Let $k,d$ be positive integers, and let $\omega \in \bigwedge^k\mathbb{R}^d$ be decomposable in $ \bigwedge^k\mathbb{C}^d$.
Is $\omega$ decomposable in $\bigwedge^k\mathbb{R}^d$?
Edit:
Let me be more careful about the formulation of this question, as $\bigwedge^k\mathbb{C}^d$ can have two different non-isomorphic interpretation:
- $\bigwedge^k_{\mathbb{R}}\mathbb{C}^d$: Here we take exterior power over $\mathbb R$. In particular, we think of $\mathbb{C}^d$ as a real $2d$-dimensional vector space. In that case $\mathbb{R}^d$ is a vector subspace (over $\mathbb{R}$), and so we have the general claim that “being decomposable” is a property which remains invariant under passing to a subspace. So, in that case, the answer is positive.

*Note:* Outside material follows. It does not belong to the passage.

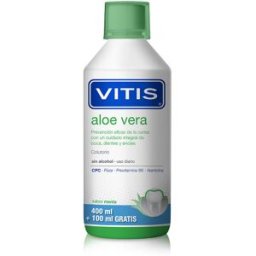 Vitis Enxaguante bucal Aloe Vera promoção 400+100 de presente 500 ml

Sasha's answer refers to this interpretation of the question.
- $\bigwedge^k_{\mathbb{C}}\mathbb{C}^d$: Here we take exterior power over $\mathbb C$, and we think of $\mathbb{C}^d$ as a complex vector space. In this case $\mathbb{R}^d$ is not a (complex) vector subspace of $\mathbb{C}^d$, but we can still view $\bigwedge^k\mathbb{R}^d$ as a subspace of $\bigwedge^k_{\mathbb{C}}\mathbb{C}^d$, via complexification. This because complexification commutes with exterior powers, so $(\bigwedge^k\mathbb{R}^d)^{\mathbb C}=\bigwedge^k_{\mathbb{C}}((\mathbb{R}^d)^{\mathbb C})=\bigwedge^k_{\mathbb{C}}\mathbb{C}^d.$ Any real vector space $V$ can be viewed as a subspace of its complexification $V^{\mathbb C}=V \otimes_{\mathbb R}C$ via the map $v \to v \otimes 1$. Thus, we can consider in this way $\bigwedge^k\mathbb{R}^d$ as a subspace of $(\bigwedge^k\mathbb{R}^d)^{\mathbb C}=\bigwedge^k_{\mathbb{C}}\mathbb{C}^d.$ Now we are given an element $\omega \in \bigwedge^k\mathbb{R}^d$, which is decomposable as an element in $\bigwedge^k_{\mathbb{C}}\mathbb{C}^d$, and we ask whether or not it is decomposable as an element in $ \bigwedge^k\mathbb{R}^d$.
What is the answer for this second variant of the question?
Comment:
Perhaps there is a way to view $\bigwedge^k_{\mathbb{C}}\mathbb{C}^d$ as a subspace of $\bigwedge^k_{\mathbb{R}}\mathbb{C}^d$ in a way which preserves decomposability, and the "real copy" $\bigwedge^k_{\mathbb{R}}\mathbb{R}^d$, thus reducing the second problem to the first one. I asked about the possible existence of such an embedding here.
So far, I only know that the answer is positive for $k=2$:
Let $\omega \in \bigwedge^2\mathbb{R}^d$ be decomposable in $\bigwedge^2\mathbb{C}^d$. $\omega$ can be written as
$$\omega=(u_1+iv_1) \wedge (u_2+iv_2), \tag{1}$$ where $u_1,u_2,v_1,v_2 \in \mathbb R^d$. Since
$$ \omega=(u_1 \wedge u_2 - v_1 \wedge v_2)+i (v_1 \wedge u_2+u_1 \wedge v_2), $$
$\omega \in \bigwedge^2\mathbb{R}^d$ if and only if $$v_1 \wedge u_2=-u_1 \wedge v_2, \tag{2}$$
where this is an equality in $\bigwedge^2\mathbb{R}^d$.
Suppose that $\omega \in \bigwedge^2\mathbb{R}^d$. If $\dim(\text{span}_{\mathbb R}(u_1,u_2) \cap \text{span}_{\mathbb R}(v_1,v_2)) \ge 1$ then $\omega=u_1 \wedge u_2 - v_1 \wedge v_2$ is decomposable in $\bigwedge^2\mathbb{R}^d$. Otherwise, $u_1,u_2,v_1,v_2$ are linearly independent over $\mathbb R$, which violates equation $(2)$.
I don't see an immediate generalization of this proof for $k \ge 3$. By expanding $$\omega=(u_1+iv_1) \wedge (u_2+iv_2) \wedge \dots \wedge (u_k+iv_k)$$ we get more than two summands in the real part.